EXERCISE MATERIALS section start

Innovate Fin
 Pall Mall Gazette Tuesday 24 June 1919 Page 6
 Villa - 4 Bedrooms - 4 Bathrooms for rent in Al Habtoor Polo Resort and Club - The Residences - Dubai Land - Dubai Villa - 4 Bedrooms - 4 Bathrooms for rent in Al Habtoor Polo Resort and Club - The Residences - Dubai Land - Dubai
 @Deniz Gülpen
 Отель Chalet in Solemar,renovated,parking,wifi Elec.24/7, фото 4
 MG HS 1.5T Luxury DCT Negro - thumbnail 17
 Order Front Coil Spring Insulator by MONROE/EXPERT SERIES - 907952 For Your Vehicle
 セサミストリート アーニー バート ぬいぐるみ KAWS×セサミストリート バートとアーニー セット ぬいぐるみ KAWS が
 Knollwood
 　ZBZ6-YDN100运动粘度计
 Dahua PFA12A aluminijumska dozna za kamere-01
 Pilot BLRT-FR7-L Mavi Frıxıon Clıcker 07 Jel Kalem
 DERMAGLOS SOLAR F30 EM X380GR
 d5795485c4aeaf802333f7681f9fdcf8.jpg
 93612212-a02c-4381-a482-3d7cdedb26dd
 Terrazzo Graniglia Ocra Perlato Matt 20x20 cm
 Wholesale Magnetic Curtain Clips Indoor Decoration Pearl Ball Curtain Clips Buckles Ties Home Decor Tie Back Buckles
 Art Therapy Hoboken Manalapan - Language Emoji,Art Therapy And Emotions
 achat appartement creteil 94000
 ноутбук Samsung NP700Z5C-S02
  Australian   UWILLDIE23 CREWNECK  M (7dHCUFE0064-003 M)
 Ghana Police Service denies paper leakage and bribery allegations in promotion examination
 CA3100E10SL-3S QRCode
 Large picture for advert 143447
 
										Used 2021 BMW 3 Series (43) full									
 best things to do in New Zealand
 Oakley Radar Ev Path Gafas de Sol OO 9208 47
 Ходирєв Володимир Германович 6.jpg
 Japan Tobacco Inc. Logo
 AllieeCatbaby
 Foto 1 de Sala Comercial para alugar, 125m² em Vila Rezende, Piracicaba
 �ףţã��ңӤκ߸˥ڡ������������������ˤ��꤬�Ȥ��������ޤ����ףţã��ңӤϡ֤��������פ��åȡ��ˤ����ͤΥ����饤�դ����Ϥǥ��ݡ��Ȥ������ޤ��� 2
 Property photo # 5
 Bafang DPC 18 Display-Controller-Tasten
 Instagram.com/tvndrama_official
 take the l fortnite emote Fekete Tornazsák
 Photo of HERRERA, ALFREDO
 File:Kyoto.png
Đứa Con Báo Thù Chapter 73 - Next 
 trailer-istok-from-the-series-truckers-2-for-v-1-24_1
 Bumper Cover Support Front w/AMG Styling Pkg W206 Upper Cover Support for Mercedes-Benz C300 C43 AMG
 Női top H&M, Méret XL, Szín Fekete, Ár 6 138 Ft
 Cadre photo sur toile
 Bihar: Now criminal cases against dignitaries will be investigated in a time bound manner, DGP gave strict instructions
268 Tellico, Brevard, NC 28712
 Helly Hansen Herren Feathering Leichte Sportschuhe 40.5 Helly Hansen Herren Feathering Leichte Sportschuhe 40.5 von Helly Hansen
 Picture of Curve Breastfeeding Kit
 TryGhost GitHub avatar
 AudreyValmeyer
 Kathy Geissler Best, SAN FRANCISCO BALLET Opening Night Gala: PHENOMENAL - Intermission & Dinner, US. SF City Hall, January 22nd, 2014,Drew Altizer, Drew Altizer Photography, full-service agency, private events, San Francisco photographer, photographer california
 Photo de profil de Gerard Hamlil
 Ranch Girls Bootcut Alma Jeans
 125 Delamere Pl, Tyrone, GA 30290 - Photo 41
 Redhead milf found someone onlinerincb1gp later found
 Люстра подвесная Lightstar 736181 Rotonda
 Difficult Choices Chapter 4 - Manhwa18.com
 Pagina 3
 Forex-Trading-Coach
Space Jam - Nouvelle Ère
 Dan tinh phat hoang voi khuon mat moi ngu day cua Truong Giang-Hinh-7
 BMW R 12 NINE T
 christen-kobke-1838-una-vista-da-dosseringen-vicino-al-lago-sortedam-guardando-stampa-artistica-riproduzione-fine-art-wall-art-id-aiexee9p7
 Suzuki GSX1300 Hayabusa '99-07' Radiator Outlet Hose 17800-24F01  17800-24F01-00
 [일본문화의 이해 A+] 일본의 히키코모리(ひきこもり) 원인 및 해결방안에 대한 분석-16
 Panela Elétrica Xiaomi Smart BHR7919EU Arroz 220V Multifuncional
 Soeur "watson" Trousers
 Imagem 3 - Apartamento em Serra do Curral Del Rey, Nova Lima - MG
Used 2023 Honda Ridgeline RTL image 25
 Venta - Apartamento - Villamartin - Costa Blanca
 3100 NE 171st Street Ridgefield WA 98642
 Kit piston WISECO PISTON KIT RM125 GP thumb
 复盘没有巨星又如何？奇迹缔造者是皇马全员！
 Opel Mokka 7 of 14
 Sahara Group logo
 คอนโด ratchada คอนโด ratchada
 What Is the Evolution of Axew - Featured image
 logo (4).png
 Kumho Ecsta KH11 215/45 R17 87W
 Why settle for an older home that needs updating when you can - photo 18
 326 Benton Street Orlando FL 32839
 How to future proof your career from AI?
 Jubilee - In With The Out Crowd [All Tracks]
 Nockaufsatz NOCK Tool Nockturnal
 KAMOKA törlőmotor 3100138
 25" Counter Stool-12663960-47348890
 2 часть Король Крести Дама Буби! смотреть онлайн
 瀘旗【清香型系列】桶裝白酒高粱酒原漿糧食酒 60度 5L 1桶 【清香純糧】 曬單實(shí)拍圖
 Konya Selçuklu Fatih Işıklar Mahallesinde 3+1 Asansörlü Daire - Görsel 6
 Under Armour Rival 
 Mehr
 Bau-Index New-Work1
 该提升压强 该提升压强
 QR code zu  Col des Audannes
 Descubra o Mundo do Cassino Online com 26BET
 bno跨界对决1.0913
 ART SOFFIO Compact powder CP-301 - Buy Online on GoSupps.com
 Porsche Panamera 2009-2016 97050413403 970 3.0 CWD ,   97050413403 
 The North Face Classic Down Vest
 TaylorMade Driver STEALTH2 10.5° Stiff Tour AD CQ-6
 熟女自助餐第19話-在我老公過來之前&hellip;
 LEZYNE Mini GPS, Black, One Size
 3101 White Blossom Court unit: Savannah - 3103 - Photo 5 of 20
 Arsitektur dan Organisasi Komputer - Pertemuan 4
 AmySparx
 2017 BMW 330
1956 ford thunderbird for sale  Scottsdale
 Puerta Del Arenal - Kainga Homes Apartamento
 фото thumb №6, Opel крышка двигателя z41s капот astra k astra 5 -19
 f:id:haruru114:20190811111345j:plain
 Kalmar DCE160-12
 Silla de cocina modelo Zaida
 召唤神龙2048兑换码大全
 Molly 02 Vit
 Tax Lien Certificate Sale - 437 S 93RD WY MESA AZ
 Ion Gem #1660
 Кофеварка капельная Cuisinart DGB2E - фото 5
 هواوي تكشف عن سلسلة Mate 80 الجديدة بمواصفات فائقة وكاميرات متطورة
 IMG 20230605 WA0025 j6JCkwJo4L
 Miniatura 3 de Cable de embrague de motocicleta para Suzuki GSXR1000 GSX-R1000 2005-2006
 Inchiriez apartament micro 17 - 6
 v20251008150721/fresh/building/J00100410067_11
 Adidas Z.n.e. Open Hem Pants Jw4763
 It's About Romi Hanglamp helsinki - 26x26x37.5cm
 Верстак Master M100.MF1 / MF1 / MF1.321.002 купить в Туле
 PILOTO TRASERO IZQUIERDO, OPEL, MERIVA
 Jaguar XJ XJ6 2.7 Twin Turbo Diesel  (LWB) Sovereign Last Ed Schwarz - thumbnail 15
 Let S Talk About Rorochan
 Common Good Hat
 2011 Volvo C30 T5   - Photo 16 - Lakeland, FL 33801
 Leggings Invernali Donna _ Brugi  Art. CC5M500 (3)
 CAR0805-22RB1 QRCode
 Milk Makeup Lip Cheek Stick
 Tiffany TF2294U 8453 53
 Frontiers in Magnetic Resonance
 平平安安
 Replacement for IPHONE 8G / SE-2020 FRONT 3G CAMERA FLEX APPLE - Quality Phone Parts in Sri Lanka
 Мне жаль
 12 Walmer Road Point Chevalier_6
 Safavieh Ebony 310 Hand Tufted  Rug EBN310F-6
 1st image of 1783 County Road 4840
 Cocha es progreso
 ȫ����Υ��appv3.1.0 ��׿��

EXERCISE MATERIALS section end

Could you retype exactly the lines from the first one of the records through the line containing "DERMAGLOS SOLAR F30 EM X380GR", both included, and nothing more?

- SOLUTION TO THIS EXERCISE -
Innovate Fin
 Pall Mall Gazette Tuesday 24 June 1919 Page 6
 Villa - 4 Bedrooms - 4 Bathrooms for rent in Al Habtoor Polo Resort and Club - The Residences - Dubai Land - Dubai Villa - 4 Bedrooms - 4 Bathrooms for rent in Al Habtoor Polo Resort and Club - The Residences - Dubai Land - Dubai
 @Deniz Gülpen
 Отель Chalet in Solemar,renovated,parking,wifi Elec.24/7, фото 4
 MG HS 1.5T Luxury DCT Negro - thumbnail 17
 Order Front Coil Spring Insulator by MONROE/EXPERT SERIES - 907952 For Your Vehicle
 セサミストリート アーニー バート ぬいぐるみ KAWS×セサミストリート バートとアーニー セット ぬいぐるみ KAWS が
 Knollwood
 　ZBZ6-YDN100运动粘度计
 Dahua PFA12A aluminijumska dozna za kamere-01
 Pilot BLRT-FR7-L Mavi Frıxıon Clıcker 07 Jel Kalem
 DERMAGLOS SOLAR F30 EM X380GR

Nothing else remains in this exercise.